Return the lines from the start of the data through the line with "Gorgeous In With". Include both of those lines and no others.

- Opening Delimiter -

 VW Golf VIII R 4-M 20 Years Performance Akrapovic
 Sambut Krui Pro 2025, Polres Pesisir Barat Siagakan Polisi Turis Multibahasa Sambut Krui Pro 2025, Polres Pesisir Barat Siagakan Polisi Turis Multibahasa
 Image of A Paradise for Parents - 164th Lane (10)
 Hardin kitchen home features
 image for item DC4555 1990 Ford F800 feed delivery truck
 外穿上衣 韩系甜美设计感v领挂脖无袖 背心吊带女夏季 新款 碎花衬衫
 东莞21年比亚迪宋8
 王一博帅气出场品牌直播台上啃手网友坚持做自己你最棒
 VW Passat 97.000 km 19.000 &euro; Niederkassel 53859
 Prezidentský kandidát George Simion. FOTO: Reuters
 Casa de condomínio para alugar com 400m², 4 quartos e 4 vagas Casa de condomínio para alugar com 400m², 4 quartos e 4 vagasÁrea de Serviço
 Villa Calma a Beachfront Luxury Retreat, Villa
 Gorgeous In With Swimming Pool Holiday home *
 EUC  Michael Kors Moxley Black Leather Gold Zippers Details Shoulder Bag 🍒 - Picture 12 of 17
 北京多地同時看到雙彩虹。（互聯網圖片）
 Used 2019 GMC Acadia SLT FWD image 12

- Closing Delimiter -

Result of this task:
 VW Golf VIII R 4-M 20 Years Performance Akrapovic
 Sambut Krui Pro 2025, Polres Pesisir Barat Siagakan Polisi Turis Multibahasa Sambut Krui Pro 2025, Polres Pesisir Barat Siagakan Polisi Turis Multibahasa
 Image of A Paradise for Parents - 164th Lane (10)
 Hardin kitchen home features
 image for item DC4555 1990 Ford F800 feed delivery truck
 外穿上衣 韩系甜美设计感v领挂脖无袖 背心吊带女夏季 新款 碎花衬衫
 东莞21年比亚迪宋8
 王一博帅气出场品牌直播台上啃手网友坚持做自己你最棒
 VW Passat 97.000 km 19.000 &euro; Niederkassel 53859
 Prezidentský kandidát George Simion. FOTO: Reuters
 Casa de condomínio para alugar com 400m², 4 quartos e 4 vagas Casa de condomínio para alugar com 400m², 4 quartos e 4 vagasÁrea de Serviço
 Villa Calma a Beachfront Luxury Retreat, Villa
 Gorgeous In With Swimming Pool Holiday home *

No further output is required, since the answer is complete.